Most of The Flashes, before the lightning came. | Credit: Paul Wellman

My soccer coaching career began with an email to the parents of kids I’d never met, assuring them that their 5-year-old boys would be safe under my watch and that — despite no experience on the pitch since I spent games picking flowers as a 10-year-old — I may even be able to teach them how to kick a ball. 

My rationale was that I’d watched plenty of soccer since ditching the sport nearly three decades earlier, including many World Cups (one in person!), a few Olympics, and the occasional Premier or Champions league match when nothing else was on TV. More critically, I mentioned that the sport ran a bit in my blood, since my cousin played professional soccer for a few years before marrying Aly Wagner. Far better-known than he, Aly spent about a decade winning gold medals and World Cups with the U.S. Women’s National Soccer team, and went on to become an even more famous commentator — the first woman to announce a male World Cup match in American broadcast history, in fact. 

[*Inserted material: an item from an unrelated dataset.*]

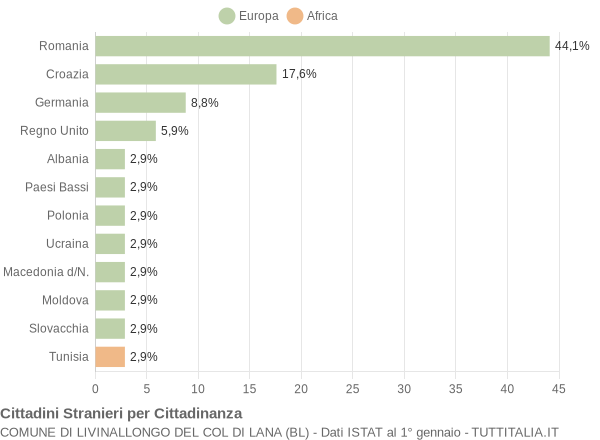 Grafico cittadinanza stranieri - Livinallongo del Col di Lana 2009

Coach Matt enjoying a near kick. | Credit: Paul Wellman

Though my cousin was skeptical of my tactics — or, as he replied sternly via email, “Do not associate us with your soccer coaching!” — the parents obliged, bringing seven kids to our first practice at a very lumpy ankle-breaker of a field. Like my own son, this was their first foray into organized sport, a role that soccer plays for so many Americans, myself included. It’s also where parents like me break into coaching, after much cajoling from the league about how the season may not start unless enough coaches sign up. With no stakes on the line — they don’t even keep score at that age — I figured this was my best chance to check that parenting responsibility box, and, hey, maybe I’d even be good at it. Only one of those notions proved true.